What has been making something of a difference recently is the rejuvenation of gold:silver ratio trading. Technical analysts have been looking favorably on silver since the start of the year and the gold: silver ratio has come increasingly onto the radar screens. Technically-driven trading of the ratio has also been important, with the 10-day and 20-day moving averages defining the upper boundary of the ratio's path.

Obviously the ratio, of itself, does not drive markets. It is normally a result of the inter-related moves of both gold and silver, but now and then it does have an impact on the metals' prices - much more so on silver than on gold.

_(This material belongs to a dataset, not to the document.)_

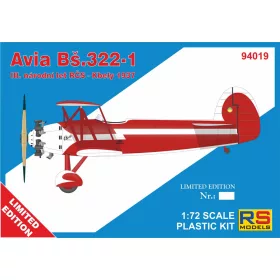 RS Models - 1/72 Avia B .322.1 - RS Models
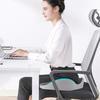 Seat Cushion for Sedentary Individuals Memory Foam Sciatica Relief Cushion Wide Hip Cushion for Office Workers Car Drivers Tailbone Pain Relief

What has lain behind the changes in the ratio this time? Certainly not the silver market's fundamentals in terms of marginal costs of production against the balance between industrial supply and demand (and this includes jewelry demand but not investor interest), which are not looking favorable. Silver may often be regarded as a precious metal by virtue of its historic connection with currencies and its lingering jewelry market but jewelry, silverware and coins+medals between them comprise less than 30% of silver demand, against nearly 80% in the gold market; on a purely fundamental basis, therefore, silver belongs in the industrial camp.

Sentiment and perception are important market elements, however and silver's long-standing relationship with gold is a vital influence on prices and investment activity. Essentially, because of silver's intrinsically higher volatility than gold, some speculators and investors use exposure to silver as a means of gearing up their exposure to the latter. If gold is going up, silver typically goes up further, so a combination of the two is a stronger performer than gold on its own. This does not work for the whole time, obviously, but it is a well-entrenched mechanism and has been playing an important part in silver's price performance over the past two months since the gold:silver ratio briefly exceeded 80.

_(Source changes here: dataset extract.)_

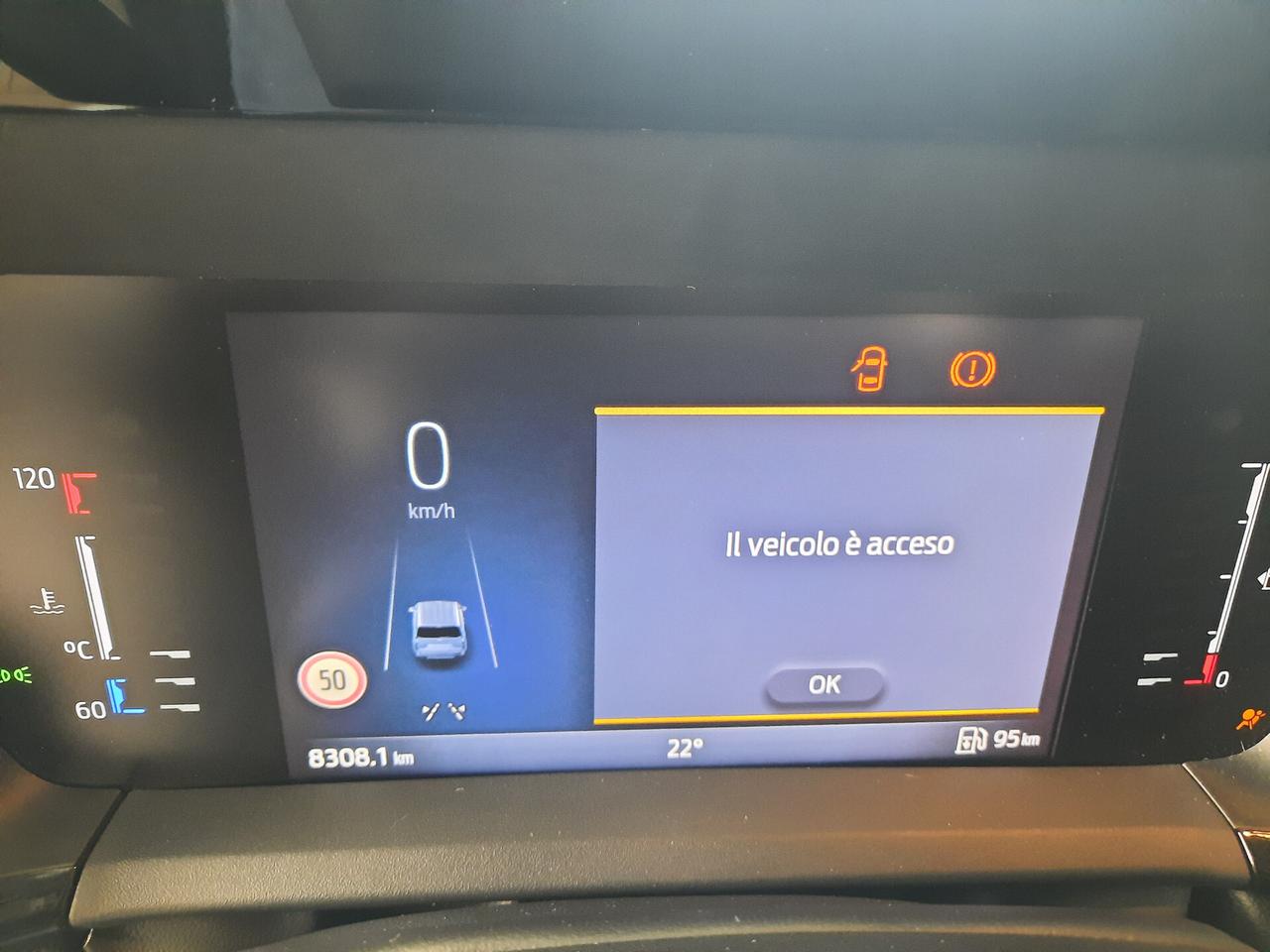 Ford Tourneo Courier 1.0 EcoBoost Active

This has been no more evident than in the exchange traded funds and the London ETC. When the gold:silver ratio reached its maximum in mid-December 2008, these funds harbored 7,661 tonnes of silver in their coffers. In the two months since then this has shot up to 8,734 tonnes, an increase of 1,073 tonnes and on annualized basis this is the equivalent of 6,096 tonnes per annum (196 million ounces) or almost 25% of global industrial demand. Over this period the silver price has increased by 21%, from just over $11 to just less than $13.40. Gold has risen by 13% and copper, 12% over the same period.

With this degree of uptake it is not surprising that silver has outshone gold recently and left copper some way behind. Although gold and copper have improved by similar amounts, silver's correlation coefficient with gold over the period has been a healthy 90%, while that with copper, although still impressive, has been lower at 63%.

Silver's outright fundamentals do not justify prices at these levels, but for as long as the market retains its bullish stance and investors keep coming for the metal then any industrial surplus this year stands a good chance of being absorbed and when investors like the look of gold, some of them will like the look of silver even more. This metal is, however, flying almost as high as Icarus and when that ratio starts to rise, then silver speculators had better be watching very closely.